**Exercise brief**
Could you repeat, word for word, the line with "OPEL ASTRA IV" and every line after it in the records below, leaving out any pictures?

**Material shown**

-*-

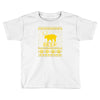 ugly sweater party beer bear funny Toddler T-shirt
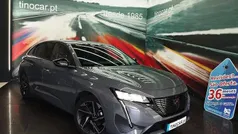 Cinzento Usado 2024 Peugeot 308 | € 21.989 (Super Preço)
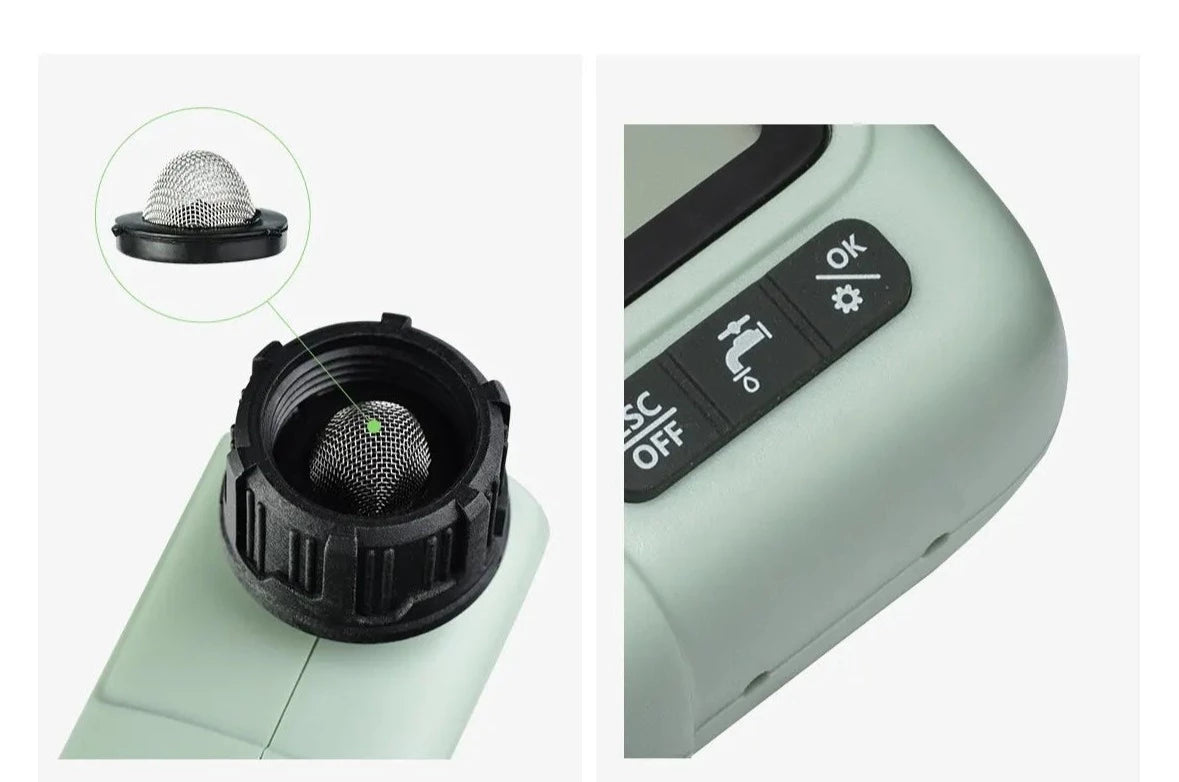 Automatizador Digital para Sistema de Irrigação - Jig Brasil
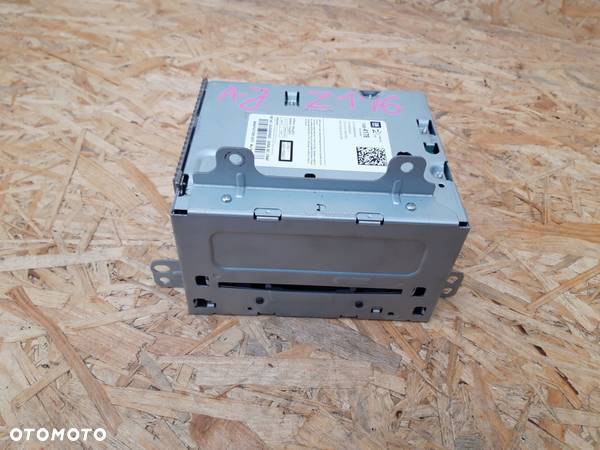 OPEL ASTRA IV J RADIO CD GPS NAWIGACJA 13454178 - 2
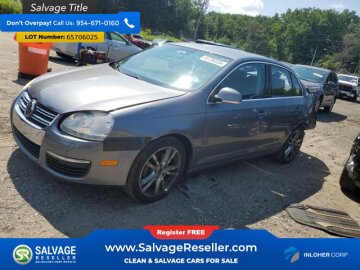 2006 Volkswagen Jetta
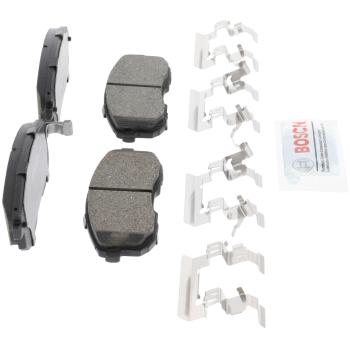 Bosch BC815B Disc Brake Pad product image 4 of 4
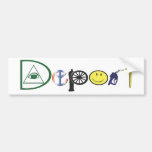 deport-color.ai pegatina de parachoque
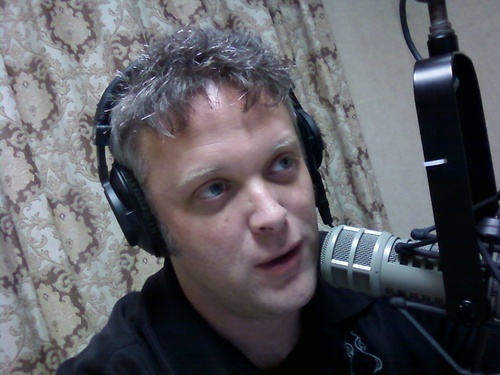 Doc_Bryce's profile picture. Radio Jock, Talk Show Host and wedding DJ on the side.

-*-

**Result for this task**
 OPEL ASTRA IV J RADIO CD GPS NAWIGACJA 13454178 - 2
 2006 Volkswagen Jetta
 Bosch BC815B Disc Brake Pad product image 4 of 4
 deport-color.ai pegatina de parachoque
 Doc_Bryce's profile picture. Radio Jock, Talk Show Host and wedding DJ on the side.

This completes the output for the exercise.